Open Box only has three reviews for us. For Traveller we have "Double Adventure 2: Across the Bright Face/Mission on Mithiril" It gets are (although less so these days) 10/10 from Trevor Graver. He liked Across the Bright Face a little more of the two but thought both were great. "Plunder" and "Runemaster" both from Chaosium are play aids for RuneQuest. Oliver Macdonald gives Runemaster 9/10 saying it contains a lot of useful material and is well worth the cost. Plunder though only gets a 5/10 stating it's limited usability and redundancy. Finally we get the classic "Space Opera" from Fantasy Games Unlimited reviewed by Andy Slack. This is the first real competition we see for Traveler and it is Science Fantasy (more or less) and not Science Fiction. It gets an 8/10, partially for it's complications and a long time to properly set up, but otherwise a fantastic game.

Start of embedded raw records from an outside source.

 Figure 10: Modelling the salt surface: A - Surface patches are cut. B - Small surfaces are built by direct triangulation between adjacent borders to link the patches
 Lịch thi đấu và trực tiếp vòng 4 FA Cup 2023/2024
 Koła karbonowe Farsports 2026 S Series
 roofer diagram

We get a new series called The Dungeon Architect. Part 1 is about designing an interesting dungeon. To begin with we start out with the typical "lather, rinse repeat" style dungeon. The one where you open door 1, kill monster A, open door 2, kill monster B. And so on. The author deconstructs the entire dungeon raiding experience into why and how and for what reason. Very interesting take on it really. While we in 2012 have had this discussion before in 1981 it is an interesting new point of view and the start of the growth of D&D in the minds of gamers as something more than just killing monsters underground. Looking forward to the next two parts.

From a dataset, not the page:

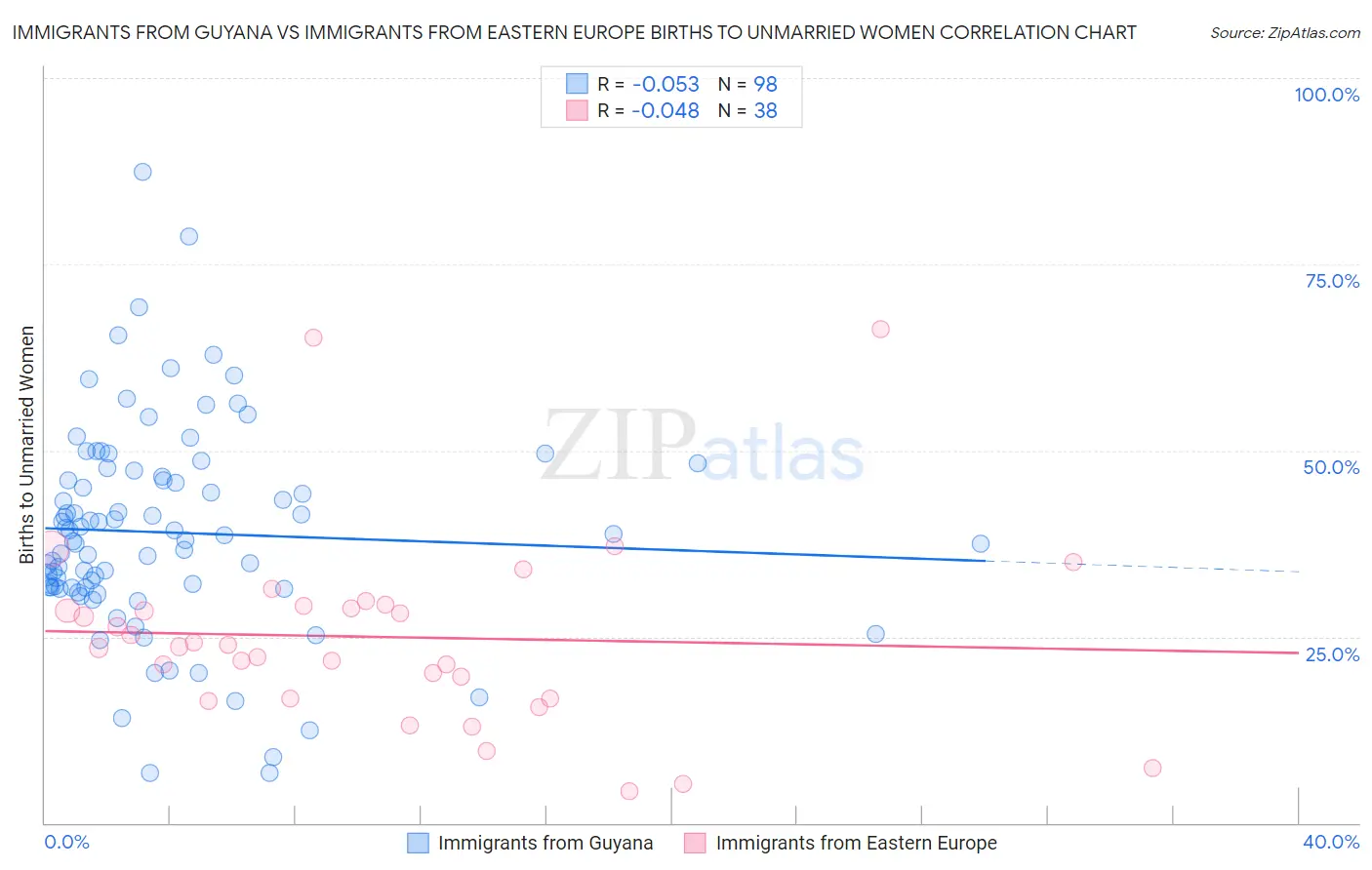 Immigrants from Guyana vs Immigrants from Eastern Europe Births to Unmarried Women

The Letters page covers various AD&D rule questions.
The Lower Canon Court is an AD&D "Skirmish for a large number of players." The idea here is a cleric was found guilty in a court and wants revenge. The characters are all members of the court when the pandemonium breaks loose. There are a lot of NPCs and a map of the court room. It's different idea and I like the attempt but I can also see it only appealing to a small crowd of gamers.
Treasure Chest has some new magic items like the Bowl of Everlasting Porridge and Bell of Watchfulness. Some are still a little silly, but all can be played straight.
Andy Slack has Traveller rules on Vacc Suits.
Fiend Factory continues its run of themed monsters. This time a mini-scenario (more of a plot really) called the Black Manse. We get Dream Demons, the Incubus, Brain Suckers and a Guardian. The monsters all designed to challenge a party of levels 5-6.
Starbase is back and celebrating their first year with some suggestions for reading. Interesting really.
In Character Conjuring Lew Pulsipher talks about what makes a good AD&D character class. He makes the case that classes should be internally balanced. That is weaknesses to set off strengths. A wizard can't use armor or swords for example. He is also talkas about between class balance and that not all characters of say 3rd level should be the same power. Another issue he brings up are the serious use of joke classes (like the Jester and Idiot from Dragon a few years back, but oddly not any of the WD joke classes are mentioned).
The new questionnaire follows on the other half of the page. Results are promised in a future issue.
Again, get yours in by July 1st, 1981.
This is followed by the Classifieds/Small ads, and a few more pages of ads.
In the end we get an ad for the AD&D lead figure line. Back when they were lead and you had to pain them yourself. I loved those as a kid. AND I might add I just acquired a bunch of these in fantastic shape. Pictures soon.
WD ended up being 4 pages less this time around. Not really sure why.
After a period of growth WD seems to be content to keep on with what works, though the gaming world is now showing unprecedented growth. It will be interesting to see what happens in the next few months.